Tiny Brontosaurus posted:

I think the gap in k-12 education outcomes for boys vs. girls is really interesting and it's one of the main things I'd hoped this thread would discuss when FAU put it together. What was your education like, guys? Did you feel you were disciplined more than the girls? Were there any things you were told "boy's aren't good at" (as opposed to "this isn't for boys")? Girls get told they're not good at things like math and science, both individually and categorically, and it's been shown to depress testing ability. Did you feel any pressure to be anti-intellectual or to care more about sports than books? Was curiosity rewarded ("boys are so smart!") or punished ("curiosity's for fags!")?

And do you actually do the towel-snapping thing in locker rooms. I never understood how that was supposed to work.

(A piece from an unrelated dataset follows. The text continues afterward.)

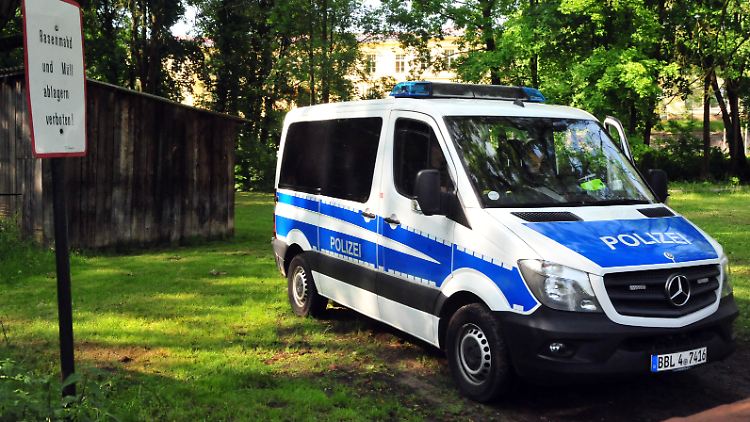 In der Uckermark hat die Polizei einen 17-jährigen Syrer in Gewahrsam genommen. Aber der Terrorverdacht gegen den Mann hat sich nicht erhärtet. Deswegen wird er wieder freigelassen.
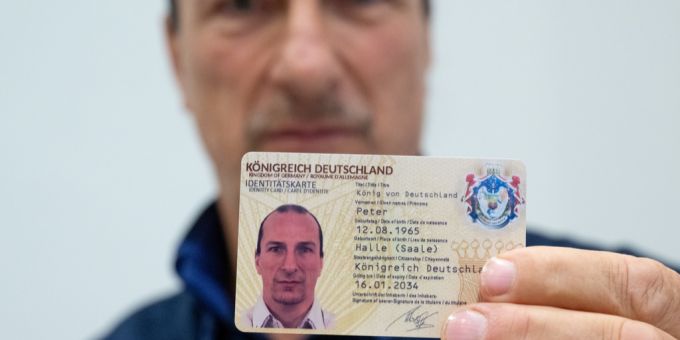 Peter Fitzek, selbsternannter König der nun verbotenen Reichsbürgergruppe «Königreich Deutschland», wurde festgenommen. (Archivbild) Fitzek Ausweis Königreich Deutschland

I don't remember much about elementary school (I was bad at math and preferred English, but I don't believe I was pushed into either of them), but when I hit intermediate school...
I got into trouble a lot. I spent a large amount of 5th grade either in in-school suspension or at home because I got suspended. A lot of this was, I believe, because I didn't know what to do with my emotions. I felt anger and I just reacted. If somebody said something mean about me or my one friend, I'd just see red and smack them. The principal and vice-principal would always tell me that I needed to control my emotions and that I needed to not hit people, and I knew both of those things, but I hadn't been taught how to actually deal with these negative feelings or what to do with my anger.

I had calmed down a bit when I hit middle school (though there were still a few incidents), but then I started to get bullied in my gym class. I was really bad at sports and kinda feminine (and, as I discovered in 6th grade, also gay), so I'd get teased by both the boys and the girls. Name-calling, having my shorts pulled down (to "make sure I wasn't wearing girl's panties"), rougher-than-average handling during sports, etc. It got to the point where I got special permission to sit out of class. I had gained a special rapport with my school counselor due to these incidents, so at the very least I had some in-school support. I was in her office so much that people in the front offices knew me by name and greeted me when they saw me in the hall. I had some major depression hit me in the same years, and my teachers would always get mad at me because I wasn't participating or saying anything.

High school was better because I had found more friends as well as clubs that I enjoyed (in middle school it tended to be you were either a sports dude or a band dude, of which I was neither).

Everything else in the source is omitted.